Rio profit dives but in line with expectation

Rio Tinto's first half underlying earnings dropped 18%, exactly as expected.

Rio Tinto (RIO) has flagged further economic volatility in the medium term and is pushing ahead with its aggressive cost cutting drive.

The company reported a 71% drop in first-half profit to $1.72 billion following a $1.85 billion charge on exchange rate differences for its debt and derivatives. Rio Tinto posted a $5.88 billion profit in the previous interim period.

After one-offs, Rio Tinto’s operating profit was in line with expectations, reporting an 18% drop in underlying earnings to $US4.2 billion in the period.

Chief executive Sam Walsh said the cost cutting drive was "gathering momentum", with $1.5 billion in reductions taken in the first half and a further $500 million flagged for the six months to December.

Gross revenue dropped three% to $24.5 billion, with revenue at its flagship Hamersley mining venture down four% and revenues from its coal operations plunging 12%.

Mr Walsh said the medium-term economic outlook remained volatile, "with a broader range of outcomes now possible".

"Chinese economic growth has decelerated so far this year and is unlikely to recover significantly in the second half, but we do not expect a hard landing," he said.

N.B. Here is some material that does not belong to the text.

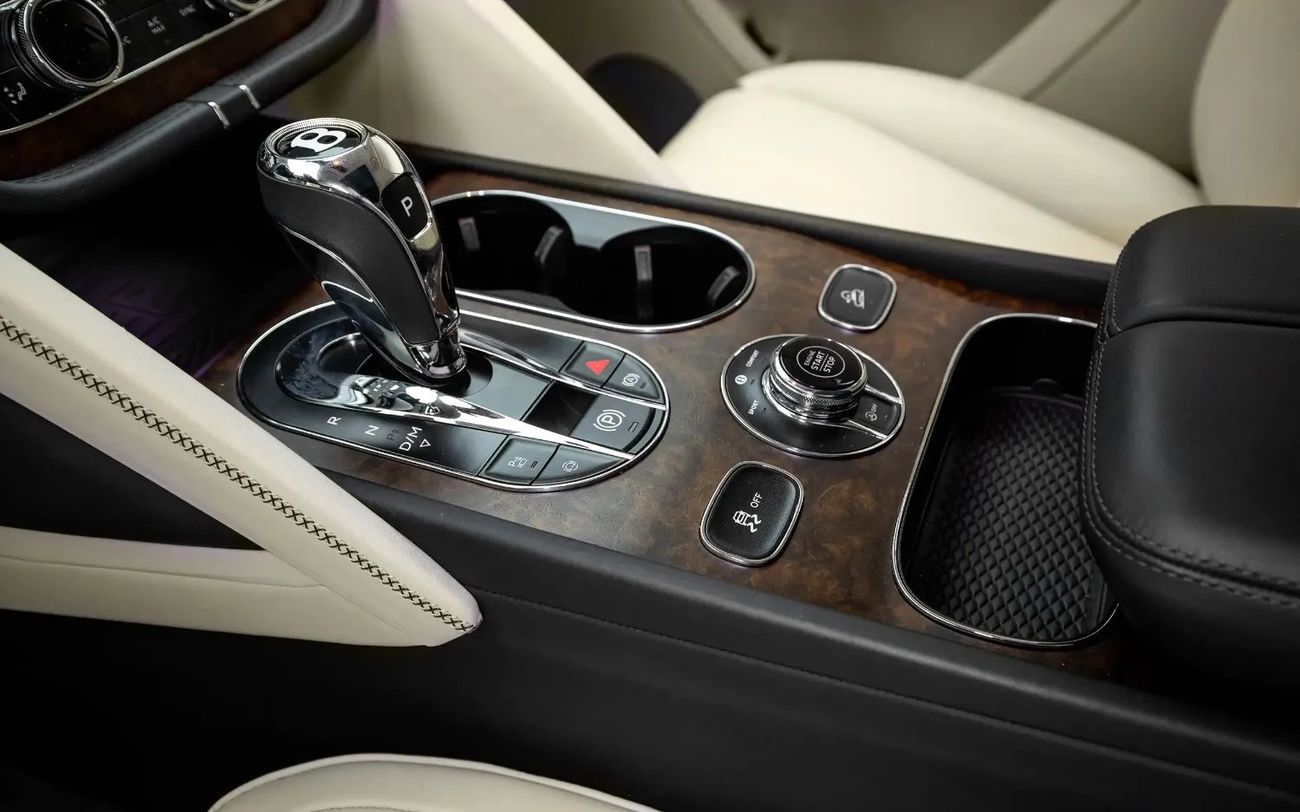 Bentley Bentayga Azure 4.0T -  Spec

Mr Walsh said the $1.5 billion in cost cuts made in the first half included $977 million in operating costs, $483 million from lower exploration and evaluation spend and the culling of 2,200 staff since 30 June last year.

He was targeting operating cash cost savings of $2 billion in 2013 and a further $1 billion in 2014. Rio Tinto was also aiming to reduce its exploration and evaluation spending of $750 million in 2013, compared with 2012.

The iron ore miner shaved capital expenditure by nine% to $7 billion in the half, with full-year capex tipped to come in at $14 billion, 20% lower than the peak capex of 2012.

Net profit also took a hit on a $300 billion write-off of waste stripping costs and damaged equipment at Kennecott Utah Copper after a pit wall slide at Bingham Canyon in April.

Iron ore again delivered the bulk of the company's earnings, while cost savings helped to offset some of the impacts of a higher tax rate and lower commodity prices.

The company has also announced it has abandoned its attempted sale of its unwanted aluminium assets, which will now be integrated back into its Alcan group.

Rio's cost cutting included 4,000 job cuts, but staff numbers are down by 2,200 as 1,800 new jobs were created to support its Pilbara iron ore expansion.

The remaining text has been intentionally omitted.